Chronique|

Belfast et la mémoire du Titanic

Commercial Court est une ruelle animée très populaire pour prendre un verre.

CHRONIQUE / Entre Dublin et Belfast, on passe de l’Irlande à l’Irlande du Nord, de l’Europe au Royaume-Uni. C’est là aussi, quelque part, que la connexion cellulaire s’arrête, là, quand on passe d’un territoire à l’autre et qu’on a oublié de se prévaloir de la couverture d’un réseau international.


Le train qui franchit la distance, bien qu’il permette un joli coup d’œil sur la campagne verdoyante, n’a pas la réputation d’être ponctuel. 
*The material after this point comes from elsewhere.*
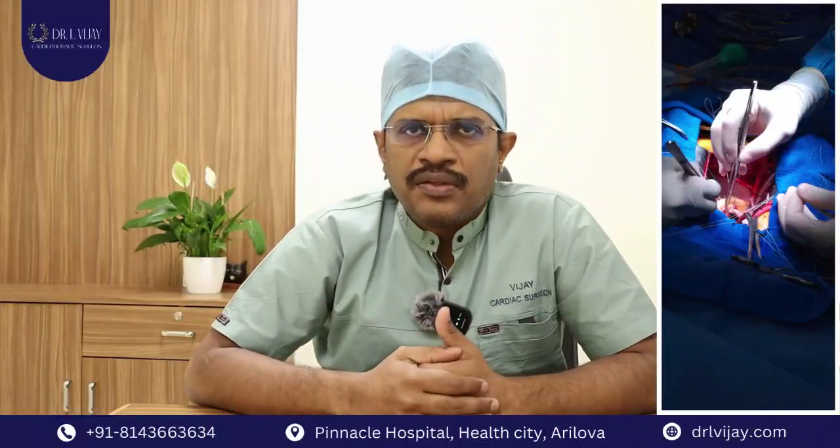Any surgery done for the heart is usually done by cutting the breastbone, which is in front of the chest. It involves a six to eight inch incision and a cut across the bone in the center of the chest. This is the most classical, standard approach to doing any surgery for the heart.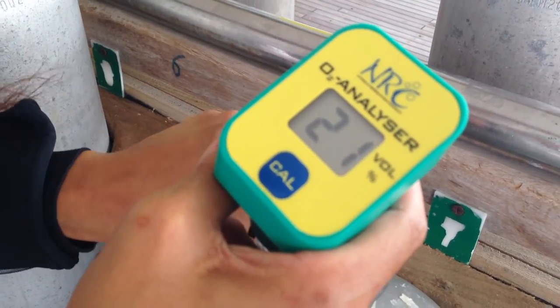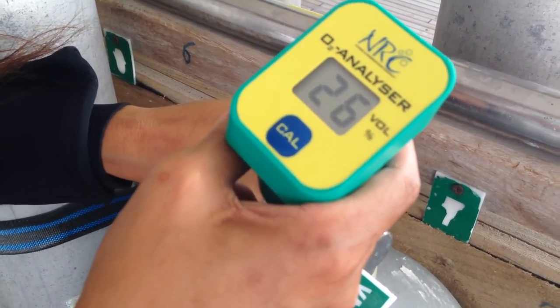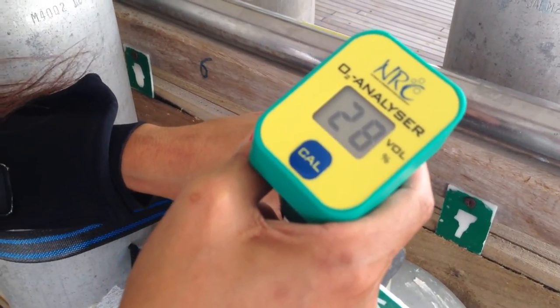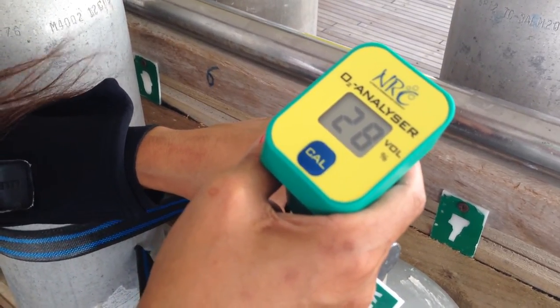Open the valve slowly so that you have a constant flow. Leave it for a few seconds until the percentage stops changing. In this case, we have a reading of 28% Nitrox in our tank.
Il m’a mis en retard, le train, alors que je tentais de rallier mon auberge avant son couvre-feu. Courir les rues résidentielles désertes de Belfast, à la nuit tombée, un bagage gros comme ça sur le dos, ne permet certes pas d’assurer une première impression digne de ce nom. Je me donnais 24 heures pour me faire une réelle opinion. 

Pour se faire pardonner, peut-être, Belfast s’est ensoleillée le temps de mon séjour. La capitale de l’Irlande du Nord se la joue souvent dans les tons de gris, mais elle se fait particulièrement ravissante sous une lumière étincelante. 
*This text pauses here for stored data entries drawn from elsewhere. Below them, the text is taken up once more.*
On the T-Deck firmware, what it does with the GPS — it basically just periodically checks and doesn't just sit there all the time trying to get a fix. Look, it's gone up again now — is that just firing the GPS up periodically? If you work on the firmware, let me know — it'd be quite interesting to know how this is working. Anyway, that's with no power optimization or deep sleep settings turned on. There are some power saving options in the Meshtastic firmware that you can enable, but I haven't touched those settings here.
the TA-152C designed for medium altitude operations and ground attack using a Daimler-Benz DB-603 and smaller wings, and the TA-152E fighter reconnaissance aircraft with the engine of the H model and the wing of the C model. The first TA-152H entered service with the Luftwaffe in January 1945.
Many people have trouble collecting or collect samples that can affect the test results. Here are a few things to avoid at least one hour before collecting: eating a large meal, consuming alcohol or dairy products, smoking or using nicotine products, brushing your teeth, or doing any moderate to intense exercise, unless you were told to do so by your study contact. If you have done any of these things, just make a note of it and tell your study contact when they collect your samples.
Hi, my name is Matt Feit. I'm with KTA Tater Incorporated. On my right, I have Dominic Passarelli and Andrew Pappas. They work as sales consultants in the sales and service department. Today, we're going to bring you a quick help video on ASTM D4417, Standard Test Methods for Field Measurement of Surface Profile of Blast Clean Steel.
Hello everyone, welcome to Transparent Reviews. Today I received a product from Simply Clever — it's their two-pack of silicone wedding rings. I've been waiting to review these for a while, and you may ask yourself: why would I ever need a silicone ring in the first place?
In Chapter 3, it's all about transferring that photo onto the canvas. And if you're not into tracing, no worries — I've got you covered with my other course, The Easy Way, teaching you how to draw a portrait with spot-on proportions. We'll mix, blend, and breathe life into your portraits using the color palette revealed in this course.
Du sud de la ville, où je logeais, le campus de l’université et le jardin botanique offrent des promenades parfaites pour les flâneurs. Les vélos libre-service, qu’on déverrouille à l’aide d’une application mobile, permettent quant à eux de traverser toute la ville en un rien de temps. Il faut néanmoins porter attention aux pistes cyclables, qui sont nombreuses mais parfois un peu discrètes, pour éviter de se retrouver en plein cœur de la circulation par la plus pure inadvertance.

À pied, du sud jusqu’au populaire quartier du Titanic, il faut prévoir environ une heure si on limite les arrêts. Il est pourtant tentant de s’offrir une bouchée au Crown Liquor Store, sur la rue Great Victoria, un saloon décoré dans le style victorien où le doré prend l’ascendant sur tout le reste. Un peu plus loin, l’hôtel de ville est pour sa part flanqué d’un monument et d’un jardin commémoratifs pour les victimes du Titanic.
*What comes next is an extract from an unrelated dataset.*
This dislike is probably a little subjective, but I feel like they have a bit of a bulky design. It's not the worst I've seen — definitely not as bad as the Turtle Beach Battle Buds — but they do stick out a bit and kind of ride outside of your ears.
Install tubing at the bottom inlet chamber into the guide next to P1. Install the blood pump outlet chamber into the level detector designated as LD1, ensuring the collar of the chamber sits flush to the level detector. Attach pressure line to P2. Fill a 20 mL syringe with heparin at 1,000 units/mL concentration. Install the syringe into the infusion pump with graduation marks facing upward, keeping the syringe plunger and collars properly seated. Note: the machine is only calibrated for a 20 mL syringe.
Le Titanic Belfast est un musée ouvert en 2012 qui racontre l’histoire de la construction du célèbre paquebot.

Quasi... insubmersible

Le fameux paquebot, qui a sombré dans la nuit du 14 au 15 avril 1912, est bien entendu à l’honneur dans cette ville qui l’a vu prendre forme. Un guide touristique, avec un humour bien de l’endroit, nous recommandait d’ailleurs le musée Titanic Belfast, bâtiment extravagant sur le site du chantier où le mythique bateau a été construit : « Ici, nous sommes fiers d’avoir construit un bateau qui a coulé... »

Le musée, ouvert en 2012, a coûté plus de 100 millions de livres à construire. Ayant la forme de la proue d’un bateau, il compte neuf galeries, allant de l’histoire de Belfast et de ses industries au récit du naufrage, en passant par les mythes et légendes entourant la disparition du Titanic. 

Il faut plusieurs heures pour faire le tour de l’énorme bâtiment. Au moins trois. Si, au début, on s’attarde à lire chacun des panneaux interactifs placés le long du parcours, on finit par sélectionner les thèmes qui nous font envie. 

Gros coup de cœur pour les plans du navire, qu’on peut consulter étage par étage sur un grand écran, de même que pour la capacité, à travers le parcours, à nous faire vivre l’ambiance d’un chantier. La courte promenade dans une nacelle suspendue, bien qu’intrigante et offerte en plusieurs langues, n’apporte quant à elle aucune valeur ajoutée. 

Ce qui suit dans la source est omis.